Depending on whom you ask, driving for Lyft or UberX is either a gold mine or an exploitative labor practice. Uber last year infamously claimed many of its drivers made more than $90,000 per year, but it did not account for the cost of driver expenses like gas and car maintenance. Then, in January, it commissioned a report on its internal data, which said drivers make on as much as $17 per hour in Los Angeles and $30 per hour in New York. That report, too, had its critics, and the company began lowering its rates soon after the survey was conducted, saying that the reduced fares would mean more trips for drivers. What kind of living drivers can hope to earn on on-demand driving platforms is still opaque.

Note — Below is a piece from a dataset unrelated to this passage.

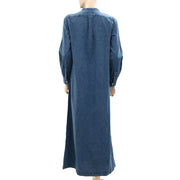 Nili Lotan Solid Denim Shirt Long Maxi Dress S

SherpaShare, a platform that thousands of drivers use to track their earnings across different platforms, has another data source to add to the equation. It tracked over a million trips and compiled the average fare per trip in different cities.

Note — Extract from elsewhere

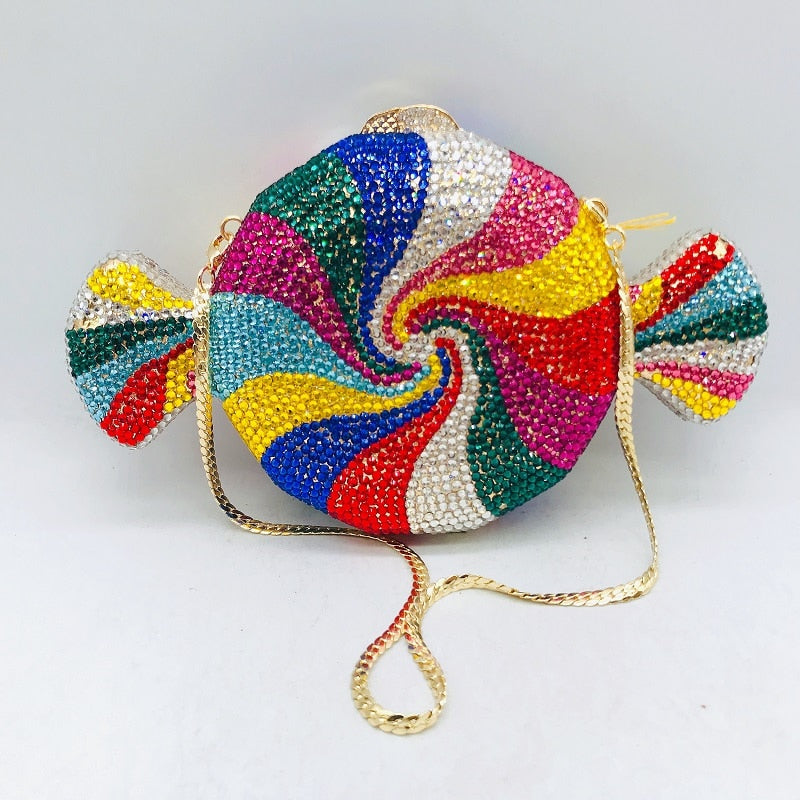 Harajuku-Inspired Crystal Clutch Bag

The results, released today, include every trip, whether one mile or 20 miles. The company did not indicate how many trips per hour drivers were able to make or how much downtime drivers had in between trips, both of which would be important in determining what kind of salary drivers earn. Thus, the conclusions one can draw from the data are limited. One point of note is that trip totals stayed relatively consistent despite the rate cuts Uber implemented in January.
New York City, Austin, and San Francisco were the most profitable per-trip locations. Chicago, Baltimore, and Nashville were the least profitable. New York City was an extreme outlier. The average New York city trip was on average 106.6% over the national average for the five-month period.
The effect of surge pricing can be observed in Boston in February, where record snowfall resulted in more surge. That resulted in fares 30% higher than the national average.